2012 e Monti “mediocre”, i Maya avevano ragione

//   23 dicembre 2012   // 0 Commenti

Il 2012 si appresta a concludersi e con buona pace per gli scettici, i Maya avevano ragione. Nella memoria della stragrande maggioranza degli Italiani infatti, quest’anno trascorso sarà ricordato ai posteri come tra i più funesti delle recente storia Italiana. Circa un anno fa infatti, si concludeva la non certo positiva esperienza del governo Berlusconi con Tremonti ministro di equitalia, e l’aumento dell’Iva. C’era da aspettarselo. Dopo 30anni di governi dalla politica economica basata su una spesa pubblica dissennata per accontentare questa o quella sacca/casta bacino di voti, Berlusconi si accingeva a governare con l’eredità di uno tra i più imponenti e dunque costosi debiti pubblici al mondo. Non ce l’ha fatta. Gli è mancato il “quid” per l’inversione di marcia, per iniziare davvero a tagliare spesa, leggi, privilegi e sussidi e dunque alleggerire la presenza statale nella vita dei cittadini. Ma quel che non è riuscito a fare Berlusconi l’ha fatto Monti. Si. Ha sferzato un formidabile colpo basso all’economia italiana realizzando in 12 mesi quello che nemmeno i più funesti presagi si aspettavano. Il Pil flette del -2.1%, i tetto del debito pubblico sfonda quota 2.000.000.000 Euro, produzione industriale a -7% e disoccupazione che supera abbondantemente il 15% (se consideriamo anche gli scoraggiati). Come si è arrivati a questo punto. I Tea Party lo ricordavamo già da tre anni, ed in modo forte in quest’ultimo anno, come la politica Montiana di TANTE nuove tasse (in primis l’odiosa IMU) e ZERO tagli, avrebbe affossato un’economia già stremata da un molesto e costante intervento statale volto alla iper-regolamentazione. Non si sono visti corposi e definitivi tagli all’organico pubblico, è mancata una vasta deregolamentazione nel settore delle professioni (esistono ancora i notai..commercialisti..consulenti del lavoro..), non si è proceduto alla vendita di patrimonio pubblico per abbattere lo stock di debito, le provincie sono restate dove sono e..lo stesso Monti si è reso conto che il suo indice di gradimento tra gli italiani non gli consentirebbe nella prossima competizione elettorale, di concorrere nemmeno al secondo posto (ndr).

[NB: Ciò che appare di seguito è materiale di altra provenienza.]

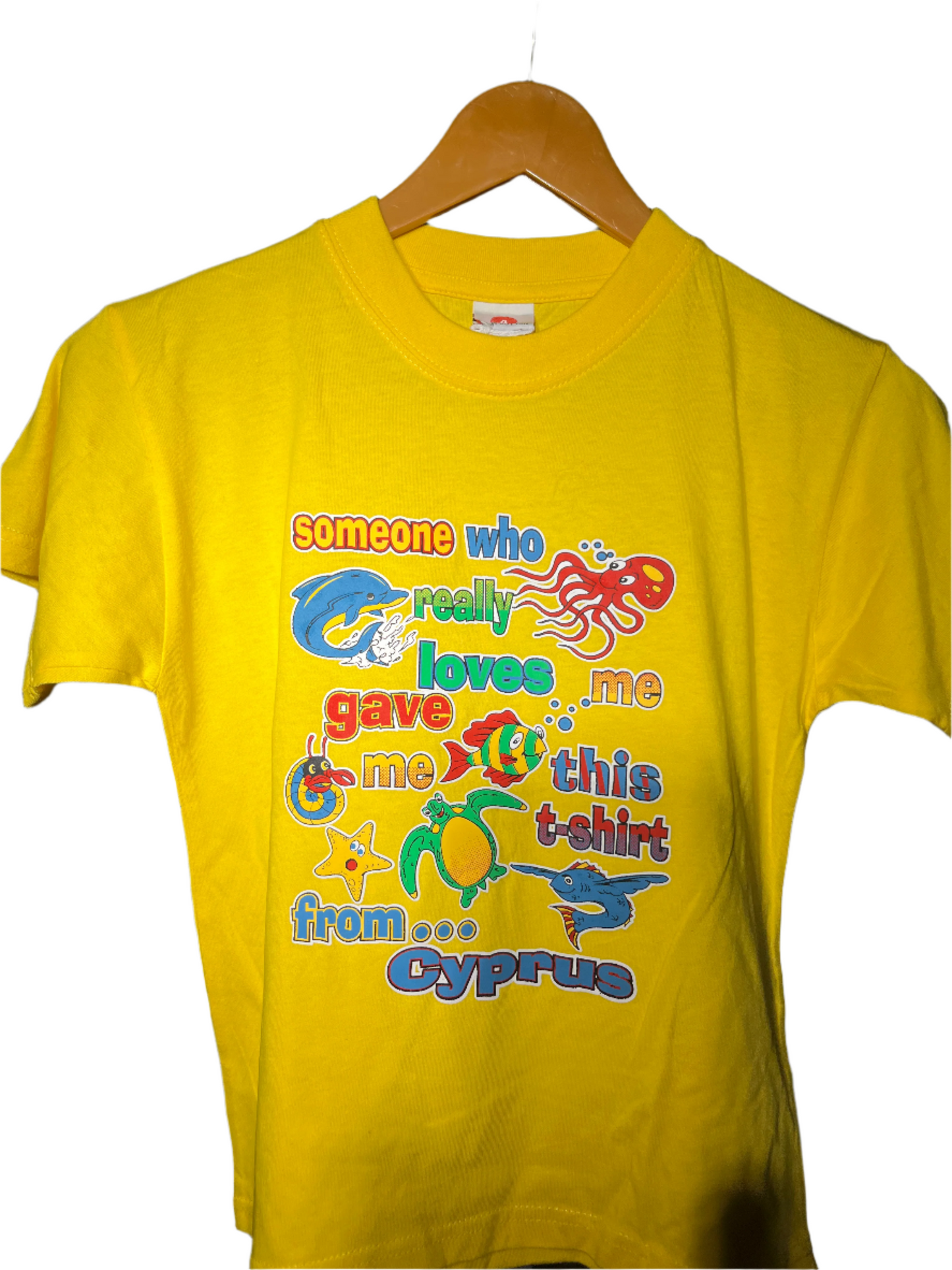 kids yellow t-shirt #523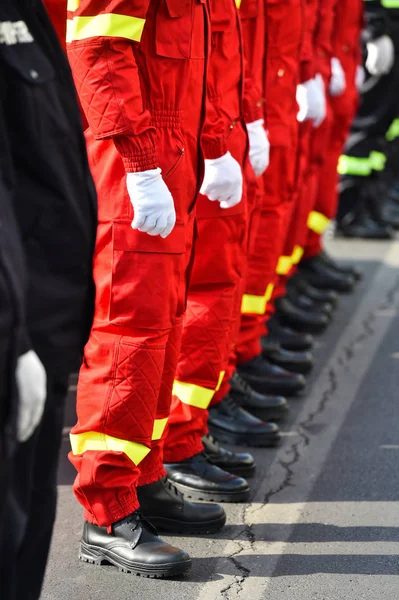 Guarda de honra durante uma cerimônia militar — Fotografia de Stock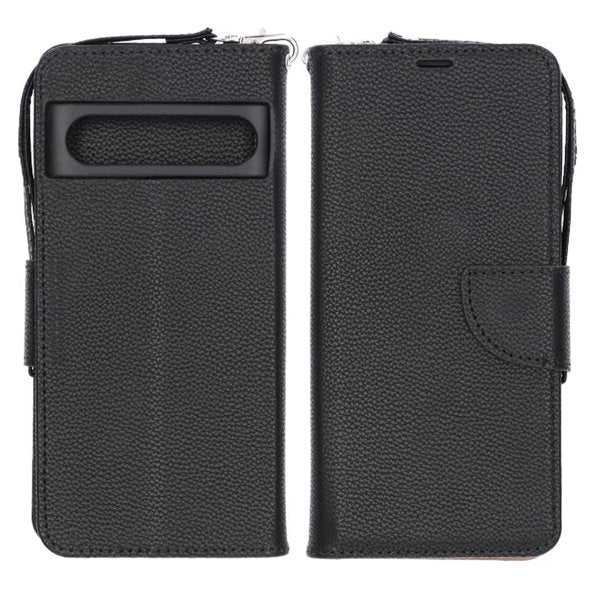 Google Pixel 7 Pro Cover 2 Kortlommer Sort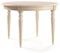 Casa Padrino Luxus Barock Esstisch Cremefarben/Gold 100-200 x 100 x H. 77,5 cm - Runder Ausziehbarer Massivholz Esszimmertisch - Barock Esszimmer Möbel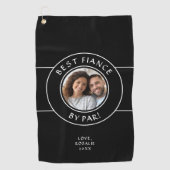 フィア最高のンスおもしろい写真テンプレート白黒モダン ゴルフタオル (正面)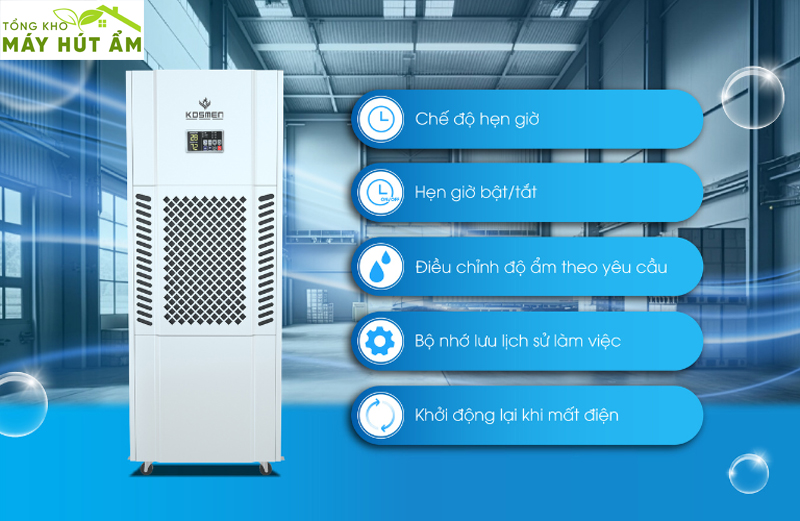 máy hút ẩm kosmen km-180s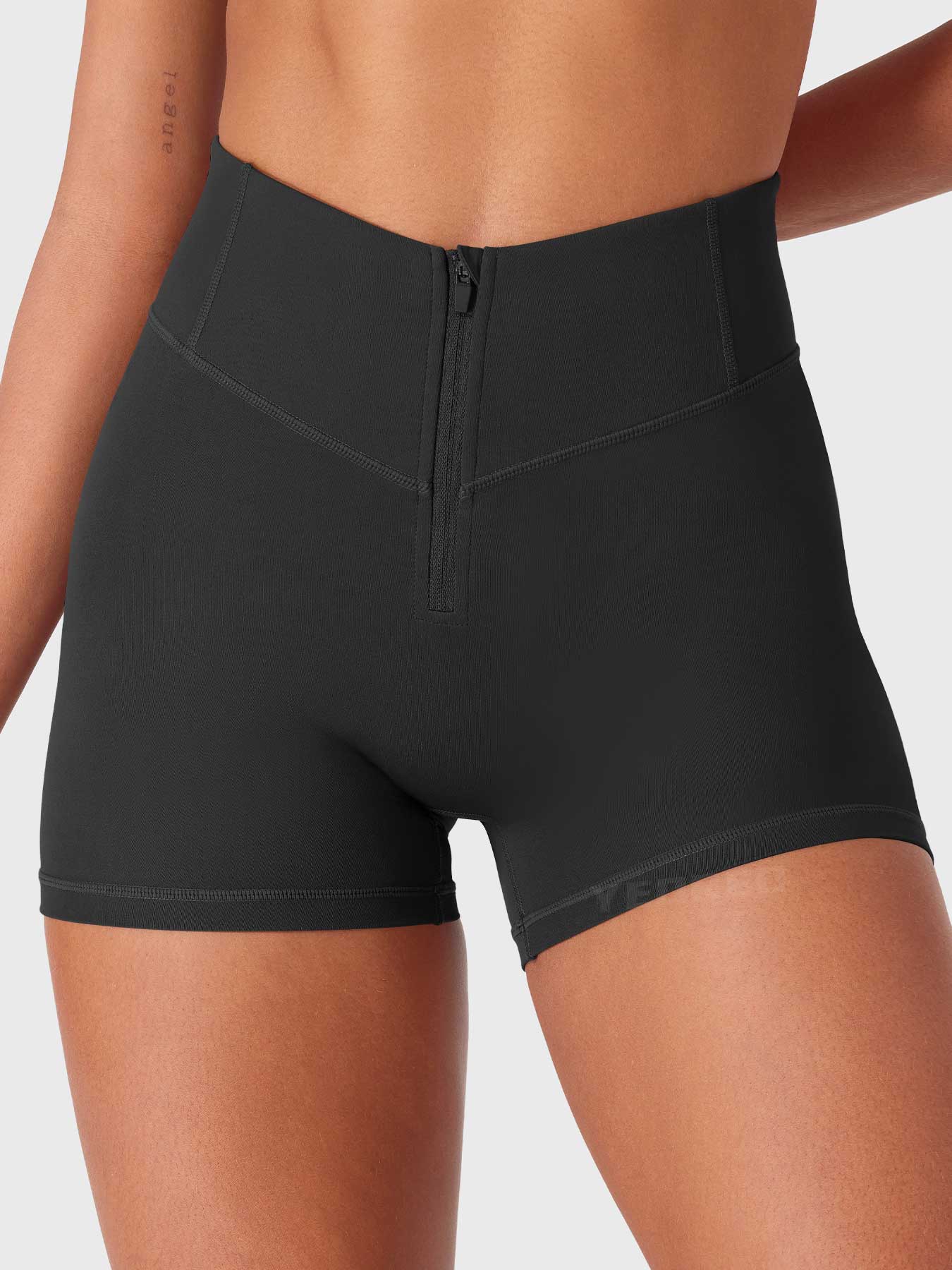 Yeoreo Charloty Zip Front CoreFlex Shorts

Al contempo assistiamo al desolante teatrino di chi, in ossequio alla filosofia del “tanto più medio tanto meglio”, non sà più che pesci prendere. Tra costoro Casini, Fini, Rutelli..i terzopolisti e terzorepubblichisti.. che preso atto che Monti non entusiasma, non appassiona, non coinvolge e non vince, ora sulla scorta del colossale fallimento della sua agenda, da loro strenuamente sostenuta, cercano il modo meno doloroso possibile per uscire di scena (magari garantendosi il posticino alla camera). La “nuova” proposta sempre infatti più mediocre della prima. Montezemolo, Riccardi, Monti, Casini..Fini, leader senza popolo e senza carisma, più burocrati che statisti che, se non fossero in Italia sarebbero già in un anonimo ufficio statale a timbrare inutili carte.
Che si fa dunque? La crescita ed il consenso di gruppi ed idee come quelle che i Tea Party portano avanti da oltre tre anni ci dicono che la strada è quella. Un netto e drastico taglio con il passato. Una comunicazione fresca ed irriverente, un agenda che punta a togliere paletti alla crescita economica e NON a fissarne di nuovi, un’immagine vincente ed un messaggio positivo ed anglosassone. Con le elezioni politiche alle porte viene da chiedersi..sarà l’anno della solita ammuffita mozzarella o è giunta l’ora del TeaCarlo 1 150x150?